GSoC 2018, Interested to contribute to Beats

Hi
I'm Amitosh Swain Mahapatra, a 3rd year CS undergrad from CET, Bhubaneswar, India. I'm interested to work on the idea - "Beats: Monitor Your Java Applications with JavaBeat".

I've a good deal of experience of Go, and knowlegde of JVM internals and various Java performance monitoring and instrumentation APIs. I also have prior experience with beats and ELK stack.

I have setup my development environment for beats, and currently I'm familiarizing with the codebase.

Currently, I'm working on my first PR addressing (https://github.com/elastic/beats/issues/5175), and I would like to know a bit more about what we are aiming to solve in this issue.

1 Like

Glad do hear you are interested in contributing to Beats. For https://github.com/elastic/beats/issues/5175 the main goal is to look at the existing logging level, potentially adjust the log levels or introduce new log messages to have more information available on what exactly is happening.

For the Javabeat we should discuss which metrics we can gather and how. Potentially it makes most sense to create a module for it in Metricbeat. We can directly continue this discussion here.

2 Likes

I have made a PR!

While we continue to iterate over the PR, I want to take up another issue with some more flexibility in order to be more comfortable with metricbeats.
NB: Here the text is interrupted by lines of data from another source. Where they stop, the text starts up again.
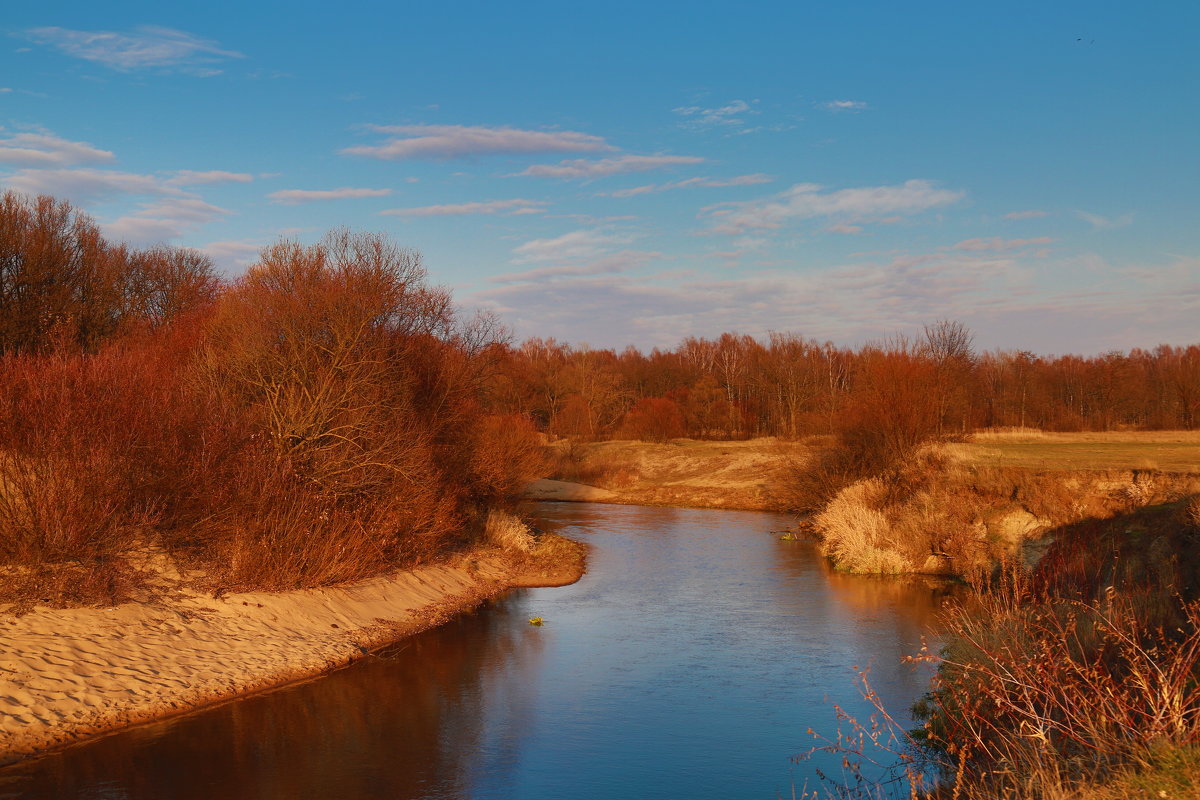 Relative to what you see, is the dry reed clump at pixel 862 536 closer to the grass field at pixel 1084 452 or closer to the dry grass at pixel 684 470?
the grass field at pixel 1084 452

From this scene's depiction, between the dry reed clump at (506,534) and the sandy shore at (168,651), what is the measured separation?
793 cm

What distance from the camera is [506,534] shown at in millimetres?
29656

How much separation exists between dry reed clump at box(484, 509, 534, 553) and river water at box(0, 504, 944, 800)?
5127 millimetres

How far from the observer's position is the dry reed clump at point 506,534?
96.7 ft

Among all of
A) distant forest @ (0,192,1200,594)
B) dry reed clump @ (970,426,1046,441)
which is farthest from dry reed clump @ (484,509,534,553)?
dry reed clump @ (970,426,1046,441)

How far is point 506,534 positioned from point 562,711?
15.4 metres

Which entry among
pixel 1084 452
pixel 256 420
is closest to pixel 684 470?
pixel 1084 452

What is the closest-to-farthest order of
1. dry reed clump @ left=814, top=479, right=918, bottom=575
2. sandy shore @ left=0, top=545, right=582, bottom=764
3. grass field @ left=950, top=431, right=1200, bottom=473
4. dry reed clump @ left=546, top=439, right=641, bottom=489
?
1. sandy shore @ left=0, top=545, right=582, bottom=764
2. grass field @ left=950, top=431, right=1200, bottom=473
3. dry reed clump @ left=814, top=479, right=918, bottom=575
4. dry reed clump @ left=546, top=439, right=641, bottom=489

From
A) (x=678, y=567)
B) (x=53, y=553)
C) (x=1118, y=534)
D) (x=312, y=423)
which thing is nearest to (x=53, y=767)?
(x=53, y=553)

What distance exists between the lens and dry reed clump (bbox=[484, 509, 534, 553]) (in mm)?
29469

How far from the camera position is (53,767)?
443 inches

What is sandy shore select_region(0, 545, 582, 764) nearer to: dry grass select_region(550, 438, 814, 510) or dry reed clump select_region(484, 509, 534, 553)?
dry reed clump select_region(484, 509, 534, 553)

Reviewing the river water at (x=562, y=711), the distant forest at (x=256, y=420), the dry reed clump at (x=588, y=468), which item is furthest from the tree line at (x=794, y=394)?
the river water at (x=562, y=711)

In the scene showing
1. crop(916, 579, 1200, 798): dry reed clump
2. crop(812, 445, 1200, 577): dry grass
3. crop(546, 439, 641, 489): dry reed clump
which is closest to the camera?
crop(916, 579, 1200, 798): dry reed clump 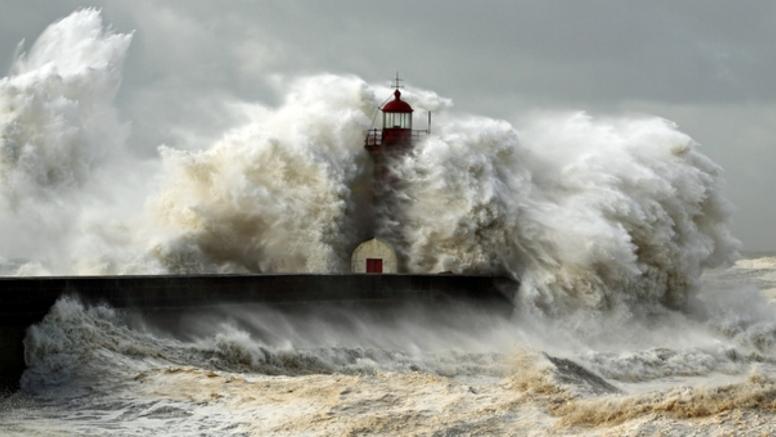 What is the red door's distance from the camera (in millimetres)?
19812

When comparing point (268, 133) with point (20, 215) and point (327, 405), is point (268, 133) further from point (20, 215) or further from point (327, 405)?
point (327, 405)

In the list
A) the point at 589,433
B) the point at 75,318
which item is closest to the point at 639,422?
the point at 589,433

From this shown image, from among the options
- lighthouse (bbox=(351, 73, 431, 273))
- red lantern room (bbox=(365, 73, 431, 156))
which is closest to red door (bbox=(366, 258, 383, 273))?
lighthouse (bbox=(351, 73, 431, 273))

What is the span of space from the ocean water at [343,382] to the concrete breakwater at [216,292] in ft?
0.49

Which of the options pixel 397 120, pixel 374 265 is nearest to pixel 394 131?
pixel 397 120

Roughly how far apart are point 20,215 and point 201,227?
371cm

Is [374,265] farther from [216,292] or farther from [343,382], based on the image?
[343,382]

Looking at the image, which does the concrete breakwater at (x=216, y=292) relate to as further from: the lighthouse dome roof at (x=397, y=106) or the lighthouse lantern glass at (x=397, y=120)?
the lighthouse dome roof at (x=397, y=106)

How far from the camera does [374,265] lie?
19.8m

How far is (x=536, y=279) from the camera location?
19.5 meters

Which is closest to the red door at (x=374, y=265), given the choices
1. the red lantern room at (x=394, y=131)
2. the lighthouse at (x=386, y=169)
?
the lighthouse at (x=386, y=169)

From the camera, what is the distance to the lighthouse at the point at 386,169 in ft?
65.5

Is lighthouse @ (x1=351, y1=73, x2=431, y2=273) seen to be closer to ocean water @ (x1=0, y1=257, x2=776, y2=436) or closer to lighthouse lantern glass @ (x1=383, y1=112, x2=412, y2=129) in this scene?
lighthouse lantern glass @ (x1=383, y1=112, x2=412, y2=129)

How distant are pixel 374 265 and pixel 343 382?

Any suggestions?

I am thinking of #6267

1 Like

As for metric collections for Javabeats, I think the JVisualVM provides a rough idea of what is possible to collect from a running JVM. The JMX APIs should allow to hook into a running JVM and collect data.

  1. Info like CPU usage and RAM usage are available from the OS
  2. Heap size
  3. GC logs and timings
  4. JIT Info, Compilation timings (?)

However, we need to call Java APIs, so I guess we will need a component in Java that collects the data and forwards them to the metricbeats module.
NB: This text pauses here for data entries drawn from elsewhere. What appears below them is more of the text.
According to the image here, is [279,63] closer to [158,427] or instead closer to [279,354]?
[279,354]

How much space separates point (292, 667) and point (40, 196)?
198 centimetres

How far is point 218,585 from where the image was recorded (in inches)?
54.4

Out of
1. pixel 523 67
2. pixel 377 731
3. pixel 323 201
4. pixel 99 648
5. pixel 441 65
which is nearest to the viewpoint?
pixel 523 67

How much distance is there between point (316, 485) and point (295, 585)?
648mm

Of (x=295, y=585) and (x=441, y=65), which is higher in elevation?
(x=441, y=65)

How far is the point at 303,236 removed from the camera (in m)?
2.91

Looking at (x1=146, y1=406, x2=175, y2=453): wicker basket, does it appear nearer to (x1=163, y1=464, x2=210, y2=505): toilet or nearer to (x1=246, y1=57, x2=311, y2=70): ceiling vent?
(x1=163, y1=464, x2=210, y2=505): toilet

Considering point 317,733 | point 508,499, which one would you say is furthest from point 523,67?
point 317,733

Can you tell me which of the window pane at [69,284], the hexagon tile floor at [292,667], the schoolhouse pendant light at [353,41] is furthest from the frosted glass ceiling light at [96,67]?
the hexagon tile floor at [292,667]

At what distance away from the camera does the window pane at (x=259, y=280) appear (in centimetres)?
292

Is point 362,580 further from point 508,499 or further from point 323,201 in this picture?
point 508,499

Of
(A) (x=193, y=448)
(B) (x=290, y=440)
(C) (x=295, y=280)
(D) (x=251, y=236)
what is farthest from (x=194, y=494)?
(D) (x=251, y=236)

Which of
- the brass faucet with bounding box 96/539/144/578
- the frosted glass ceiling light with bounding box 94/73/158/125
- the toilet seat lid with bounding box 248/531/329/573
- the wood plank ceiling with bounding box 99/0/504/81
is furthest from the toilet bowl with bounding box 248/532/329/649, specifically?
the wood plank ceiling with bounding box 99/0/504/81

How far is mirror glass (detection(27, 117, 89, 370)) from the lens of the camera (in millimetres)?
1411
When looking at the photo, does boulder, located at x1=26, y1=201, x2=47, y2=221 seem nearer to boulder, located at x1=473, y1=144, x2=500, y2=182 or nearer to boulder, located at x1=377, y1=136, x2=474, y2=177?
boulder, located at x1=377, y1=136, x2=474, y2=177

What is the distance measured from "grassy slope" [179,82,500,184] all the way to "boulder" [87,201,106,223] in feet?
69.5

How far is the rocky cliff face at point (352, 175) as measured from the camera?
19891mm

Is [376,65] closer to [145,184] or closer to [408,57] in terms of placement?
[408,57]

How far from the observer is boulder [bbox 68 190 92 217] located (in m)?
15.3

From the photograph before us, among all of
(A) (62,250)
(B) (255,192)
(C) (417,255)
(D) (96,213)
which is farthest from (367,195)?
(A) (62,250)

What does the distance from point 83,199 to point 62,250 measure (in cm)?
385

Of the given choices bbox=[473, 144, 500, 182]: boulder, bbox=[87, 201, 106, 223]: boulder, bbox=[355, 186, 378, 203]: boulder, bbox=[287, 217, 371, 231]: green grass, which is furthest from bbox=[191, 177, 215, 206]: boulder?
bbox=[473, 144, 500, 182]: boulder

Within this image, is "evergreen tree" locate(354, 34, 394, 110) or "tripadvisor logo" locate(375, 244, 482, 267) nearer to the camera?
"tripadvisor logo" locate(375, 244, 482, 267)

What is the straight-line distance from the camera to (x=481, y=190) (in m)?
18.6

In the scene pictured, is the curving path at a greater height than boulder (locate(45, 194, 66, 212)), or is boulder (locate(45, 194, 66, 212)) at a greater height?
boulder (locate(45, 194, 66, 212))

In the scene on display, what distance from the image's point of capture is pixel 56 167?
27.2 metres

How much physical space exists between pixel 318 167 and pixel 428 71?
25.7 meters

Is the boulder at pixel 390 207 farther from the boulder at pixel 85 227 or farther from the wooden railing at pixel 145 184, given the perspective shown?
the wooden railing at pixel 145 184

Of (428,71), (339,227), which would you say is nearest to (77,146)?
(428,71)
Elastic APM does a similar thing (but for Python and NodeJs only), we also could draw some inspiration from them.

We already have a generic jolokia/jmx in Metricbeat. Perhaps we can build on top of this?

APM is working on a Java agent and I could definitively see them also collecting similar metrics. This does not mean we can't have them in both as I think these are 2 different use cases. Either you monitor your app from outside with Metricbeat or you have a agent running inside that pushes out metrics.

1 Like

Here is some discussion on how to use JMX to get structured events: https://github.com/elastic/beats/issues/3585

1 Like

(Sorry for the radio silence, I was a little busy with school stuff)

I read through Jolokia documentation and tried running it on a local VM. I could get memory and GC info, and a bunch of other stuff.

I also read through the Jolokia metricbeat plugin code, and it appears, we are sending the names of the MBeans, as advertised by the JVM. And as highlighted by #3585, we want to define a standard subset for JMX metrics for common values like memory and GC. We can definitely build this on top of existing Jolokia integration.

Correct me if I am wrong, I'm a bit confused about the scope of the project here.

I think you got a pretty good understanding of the current state.

The scope of the project is not fully defined and we should agree on it together. First thing we should probably agree on is if jolokia/jmx is the technology we should use for this or if there are other / better ways.

In case we go with jmx we should set out a scope on the data we want to collect as part of this project. I think you already started a pretty good list in your post above. I would be more then happy if you could share from your Java experience which metrics you think are most relevant to collect.

I did a bit of weekend research on the alternatives to Jolokia.

  1. Implementing Java RMI in Go to directly hook into JVM:
    RMI is highly Java-centric and it is overwhelmingly difficult to create a Go RMI client.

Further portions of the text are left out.